This step-by-step article describes how to use Windows 2000 auditing to track user activities and system-wide events in Active Directory.

When you use Windows 2000 auditing, you can track both user activities and Windows 2000 activities, which are called events, on a computer. When you use auditing, you can specify which events are written to the Security log. For example, the Security log can maintain a record of both valid and invalid logon attempts and events that relate to creating, opening, or deleting files or other objects. An audit entry in the Security log contains the following information:
  • The action that was performed.
  • The user who performed the action.
  • The success or failure of the event and the time that the event occurred.
An audit policy setting defines the categories of events that Windows 2000 logs in the Security log on each computer. The Security log allows you to track the events that you specify.

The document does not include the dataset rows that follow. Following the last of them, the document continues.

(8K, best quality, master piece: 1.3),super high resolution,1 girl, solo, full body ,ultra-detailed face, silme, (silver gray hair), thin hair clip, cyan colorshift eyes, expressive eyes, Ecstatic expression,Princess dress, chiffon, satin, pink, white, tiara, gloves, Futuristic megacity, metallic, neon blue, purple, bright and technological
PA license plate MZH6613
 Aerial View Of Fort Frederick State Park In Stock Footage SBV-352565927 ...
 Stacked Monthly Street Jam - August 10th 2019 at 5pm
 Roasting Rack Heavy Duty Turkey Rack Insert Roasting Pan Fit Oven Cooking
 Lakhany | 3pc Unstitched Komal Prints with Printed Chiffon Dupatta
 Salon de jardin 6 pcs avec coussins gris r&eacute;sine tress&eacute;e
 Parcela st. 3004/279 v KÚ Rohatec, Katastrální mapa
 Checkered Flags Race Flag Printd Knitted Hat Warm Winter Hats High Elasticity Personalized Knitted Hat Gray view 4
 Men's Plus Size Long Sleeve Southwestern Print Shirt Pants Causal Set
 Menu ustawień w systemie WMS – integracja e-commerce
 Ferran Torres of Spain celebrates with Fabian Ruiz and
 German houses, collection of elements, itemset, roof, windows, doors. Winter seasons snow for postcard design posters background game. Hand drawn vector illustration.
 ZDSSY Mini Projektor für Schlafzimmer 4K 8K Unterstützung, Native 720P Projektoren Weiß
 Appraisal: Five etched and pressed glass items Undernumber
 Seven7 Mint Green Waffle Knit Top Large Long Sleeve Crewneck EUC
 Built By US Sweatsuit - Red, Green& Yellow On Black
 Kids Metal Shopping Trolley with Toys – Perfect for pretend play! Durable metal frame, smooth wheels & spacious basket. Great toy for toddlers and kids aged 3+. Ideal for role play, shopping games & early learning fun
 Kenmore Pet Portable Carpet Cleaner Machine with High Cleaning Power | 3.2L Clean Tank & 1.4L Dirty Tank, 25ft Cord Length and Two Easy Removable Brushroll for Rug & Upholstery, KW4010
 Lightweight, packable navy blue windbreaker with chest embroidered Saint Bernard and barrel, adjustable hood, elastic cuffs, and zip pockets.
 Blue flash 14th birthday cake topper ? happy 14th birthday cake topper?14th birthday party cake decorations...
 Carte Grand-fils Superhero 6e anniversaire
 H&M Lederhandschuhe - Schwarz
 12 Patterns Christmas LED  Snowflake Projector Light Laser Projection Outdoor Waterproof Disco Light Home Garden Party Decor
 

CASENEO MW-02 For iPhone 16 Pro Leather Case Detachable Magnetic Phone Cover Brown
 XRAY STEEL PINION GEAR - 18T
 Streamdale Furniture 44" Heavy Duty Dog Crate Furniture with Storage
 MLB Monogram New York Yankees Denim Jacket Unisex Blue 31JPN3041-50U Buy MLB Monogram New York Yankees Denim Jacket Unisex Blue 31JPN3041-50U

When you audit Active Directory events, Windows 2000 writes an event to the Security log on the domain controller. For example, if a user tries to log on to the domain using a domain user account and the logon attempt is unsuccessful, the event is recorded on the domain controller and not on the computer on which the logon attempt was made. This behavior occurs because it is the domain controller that tried to authenticate the logon attempt but could not do so.

Use Event Viewer to view events that Windows 2000 logs in the Security log. You can also archive log files to track trends over time, for example, if you want to determine the use of either printers or files, or if you want to verify the use of unauthorized resources.

To enable auditing of Active Directory objects:
  1. Configure an audit policy setting for a domain controller.

    When you configure an audit policy setting, you can audit objects but you cannot specify which object you want to audit.
  2. Configure auditing for specific Active Directory objects.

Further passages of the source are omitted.